New policy for entrepreneur facilities in transfer tax
A new policy decision has been published on the entrepreneur facilities in transfer tax, which includes several new approvals.
27 June 2018
Transfer tax is payable upon acquisition of an immovable property located in the Netherlands. Dutch law provides a number of exemptions for, i.a., acquisitions of immovable property in a merger, demerger, and internal restructuring. With these exemptions the legislature seeks to enable economically desirable repositioning of real estate within a group without levying transfer tax, while abuse or improper use are avoided through anti-abuse provisions. The Dutch State Secretary for Finance recently updated the policy on the entrepreneur facilities in transfer tax and combined a number of existing approvals. The recently published policy decision also includes several new approvals, which are outlined below.
Transfer of a company
Acquisition of an immovable property through conversion of a company into a public or private limited liability company (nv or bv) is exempt from transfer tax, provided certain conditions are met. The legislative text stipulates that this exemption only applies if the business capital is transferred into a company newly incorporated to that effect. In practice, however, conversions are often effected by transferring a business into an existing nv or bv. The State Secretary considers application of the exemption in such cases to be desirable, and the policy now includes an approval for application of the exemption - under certain conditions - upon transfer of a company into an existing nv or bv.
Retention requirement upon certification
Shares acquired upon conversion of a company into an nv or bv can be certified afterwards by transferring them into a trust office. If shares are certified three years after the conversion, the retention requirement set for application of the transfer tax exemption is not met. This would essentially mean that the transfer tax not levied is still payable. The policy now includes an approval to omit application of the retention requirement - under certain conditions - if shares granted upon conversion into an nv or bv are certified.

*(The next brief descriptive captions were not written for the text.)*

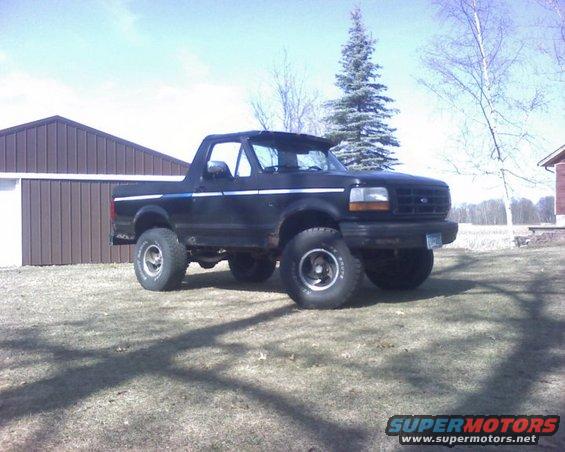 bronco2.jpg sittin out in front of the barn after washing it and taking the top off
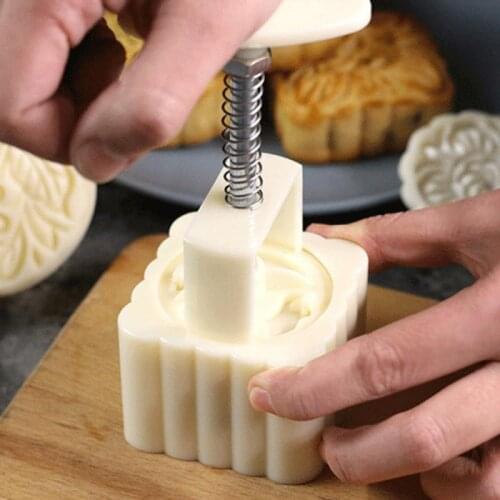 5Pcs/set Moon Reusable 50g Square Hand Press Cake Mold Moon Cake Biscuits Moulds Mid-autumn Festival Baking Tools
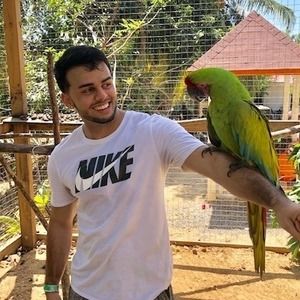 Meet your Posher, Daniel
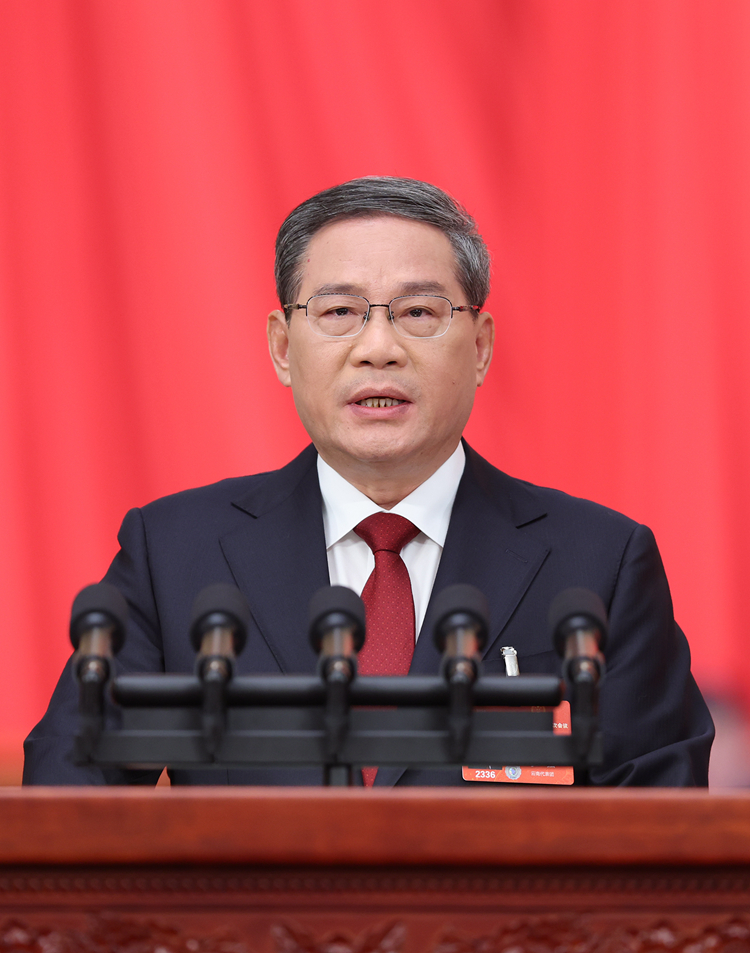 3月5日，第十四屆全國(guó)人民代表大會(huì)第二次會(huì)議在北京人民大會(huì)堂開幕。國(guó)務(wù)院總理李強(qiáng)作政府工作報(bào)告。新華社記者 姚大偉 攝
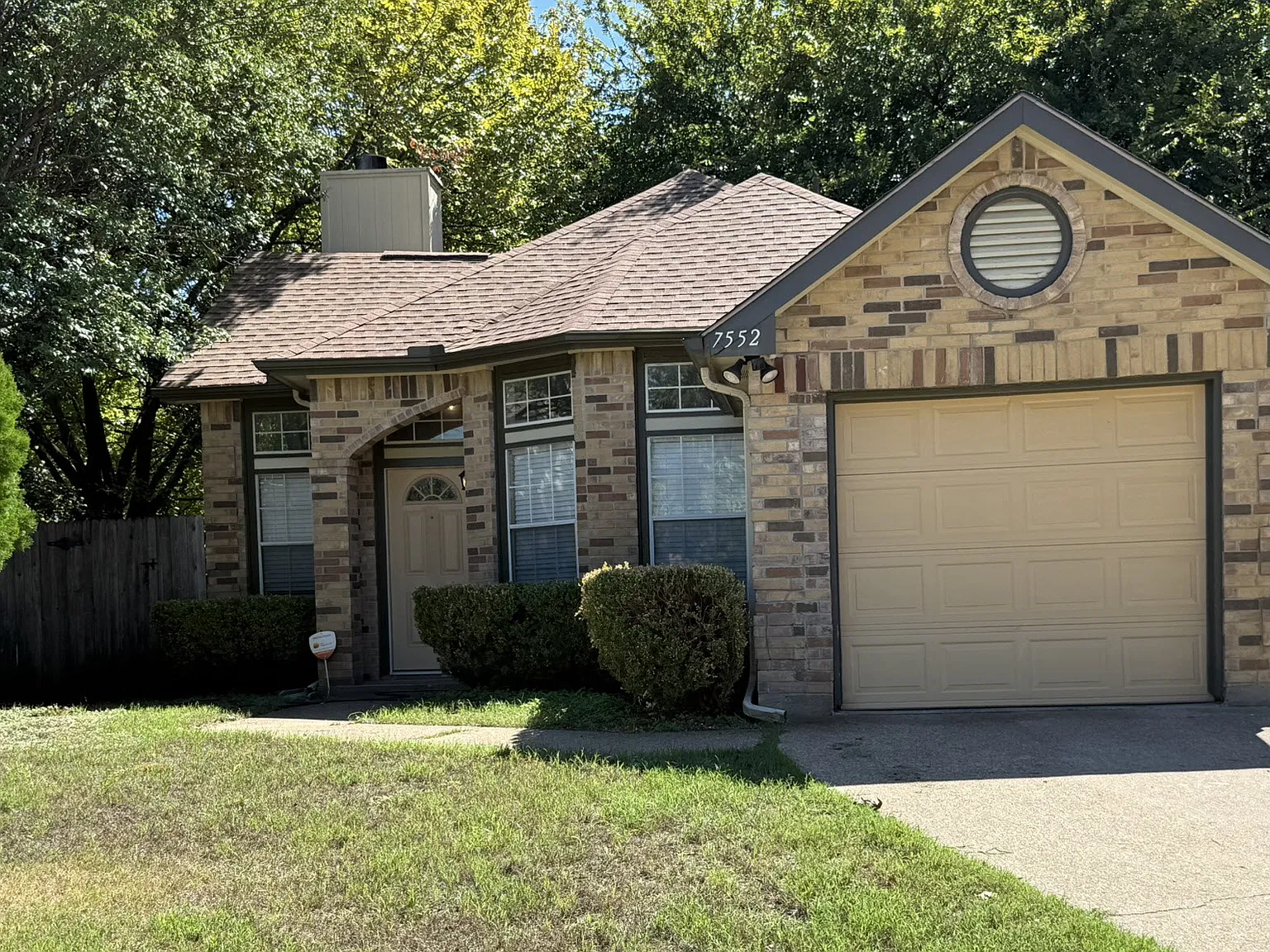 Arbor Hill Dr, Fort Worth — Photo 2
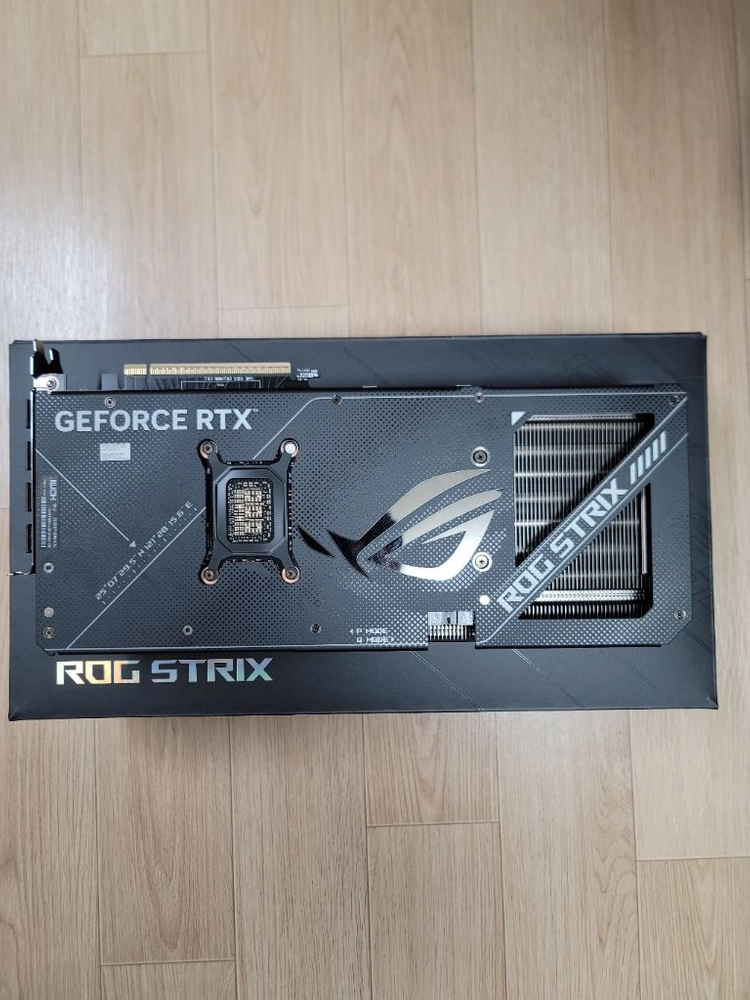ASUS ROG STRIX RTX 5070Ti 그래픽카드 팝니다 이미지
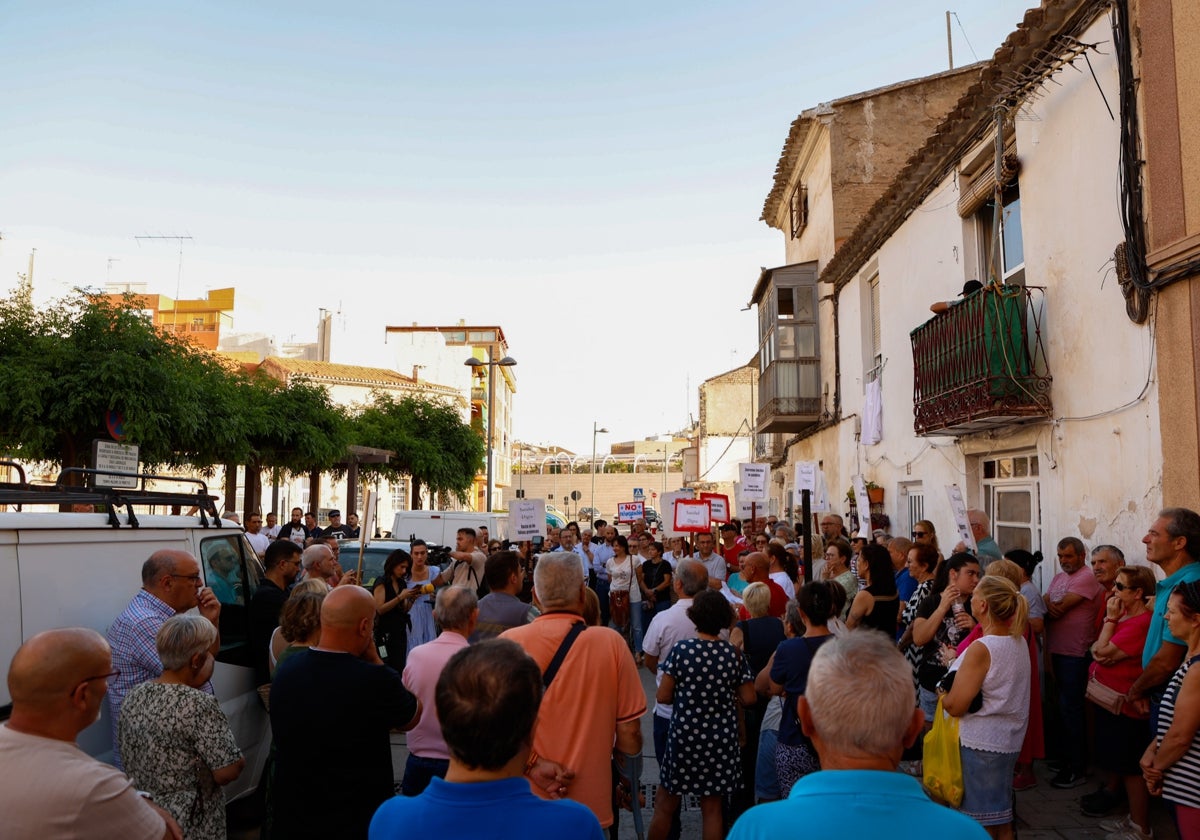 Los Vecinos De Lorca Salen A La Calle Para Reclamar El Centro De Salud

Continuation requirement for enterprise merger
The transfer tax exemption in case of an enterprise merger can be still be reversed if the transferred business is not continued for at least three years after the enterprise merger. This is referred to as the continuation requirement. If the continuation requirement is not met, the transfer tax that was not levied under the exemption is still payable. The recent policy decision provides for relaxation of this requirement. Under certain conditions, this requirement does not apply to businesses acquired in an enterprise merger if these are transferred within the group, without their immovable property.
Acquisition of shares in a demerger
A legal entity that acquires an immovable property by universal title may qualify for a transfer tax exemption. If the acquiring legal entity is a property entity and issues shares as part of the demerger, the exemption does not apply to the acquisition of these shares. The recent policy decision likewise introduces an approval for application - under certain conditions - of the transfer tax exemption upon demerger or split-off to the acquisition of shares in a property entity granted in a demerger or split-off.
The approvals in the policy decision have been granted applying the hardship clause. The decision has become effective on 5 June 2018.